### Required action:
For the data below, transcribe the part that opens with the line containing "EPS 해외이미지 배너" and closes with the line containing "ASOS Oversized quarter zip fleece in borg", exactly and with no pictures.

### Data for the task:
──────────────────────────────

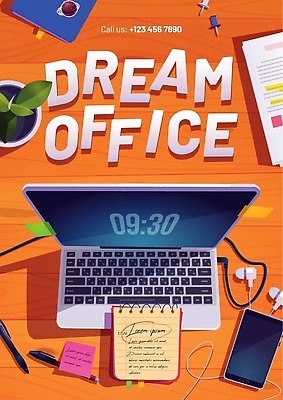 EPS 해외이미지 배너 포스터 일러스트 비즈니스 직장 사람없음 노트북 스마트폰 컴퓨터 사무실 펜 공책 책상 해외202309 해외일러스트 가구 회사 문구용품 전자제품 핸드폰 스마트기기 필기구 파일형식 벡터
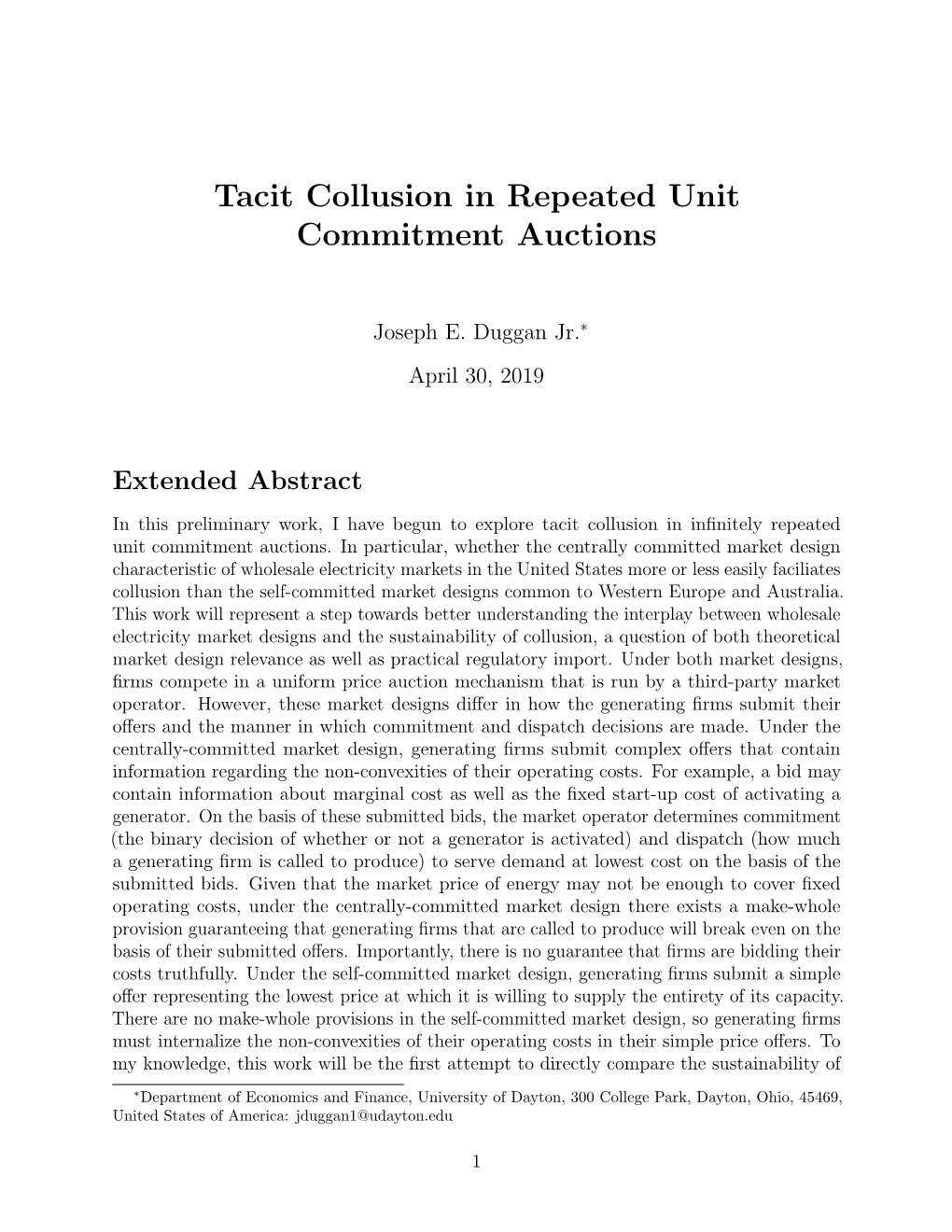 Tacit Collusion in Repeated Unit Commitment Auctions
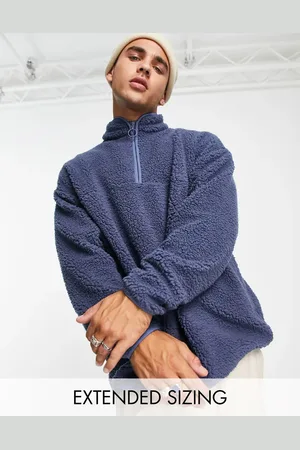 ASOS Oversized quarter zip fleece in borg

──────────────────────────────

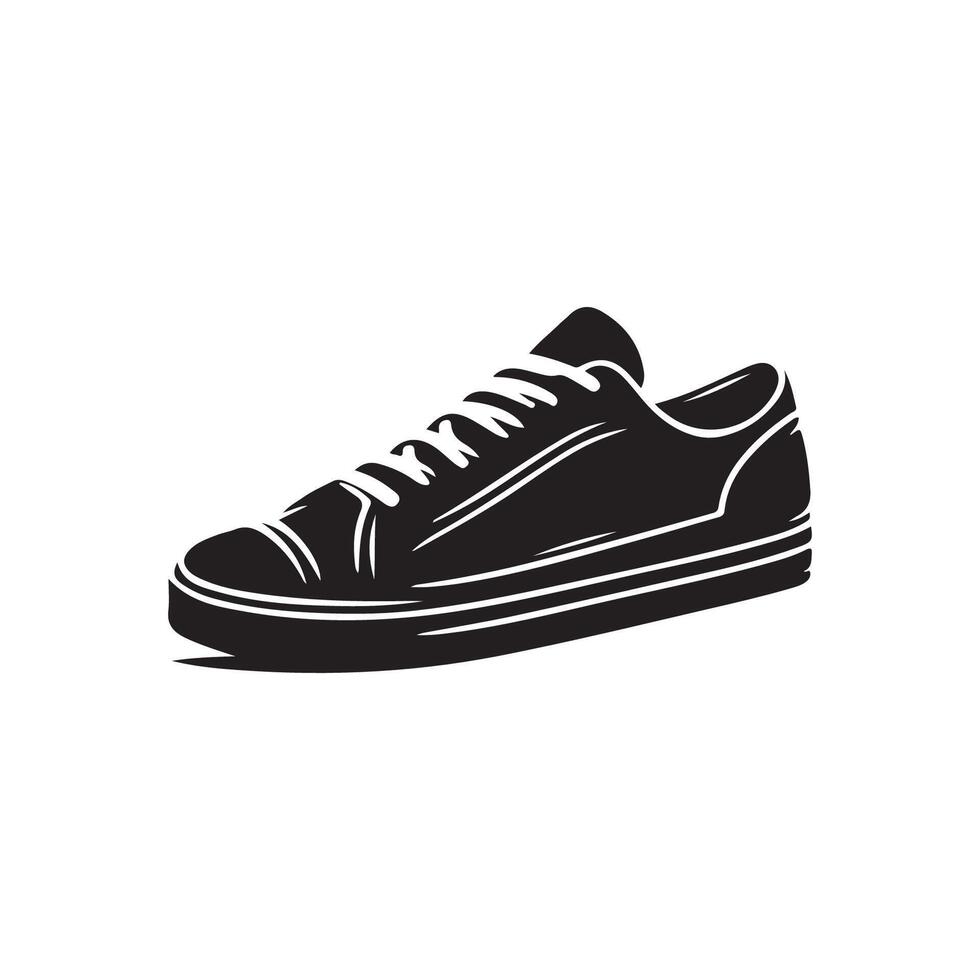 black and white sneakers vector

──────────────────────────────

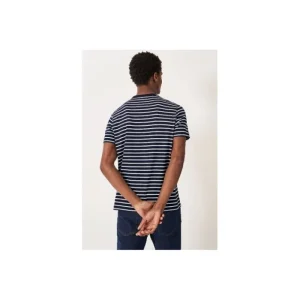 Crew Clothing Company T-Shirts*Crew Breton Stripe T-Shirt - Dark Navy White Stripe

──────────────────────────────

### Output:
 EPS 해외이미지 배너 포스터 일러스트 비즈니스 직장 사람없음 노트북 스마트폰 컴퓨터 사무실 펜 공책 책상 해외202309 해외일러스트 가구 회사 문구용품 전자제품 핸드폰 스마트기기 필기구 파일형식 벡터
 Tacit Collusion in Repeated Unit Commitment Auctions
 ASOS Oversized quarter zip fleece in borg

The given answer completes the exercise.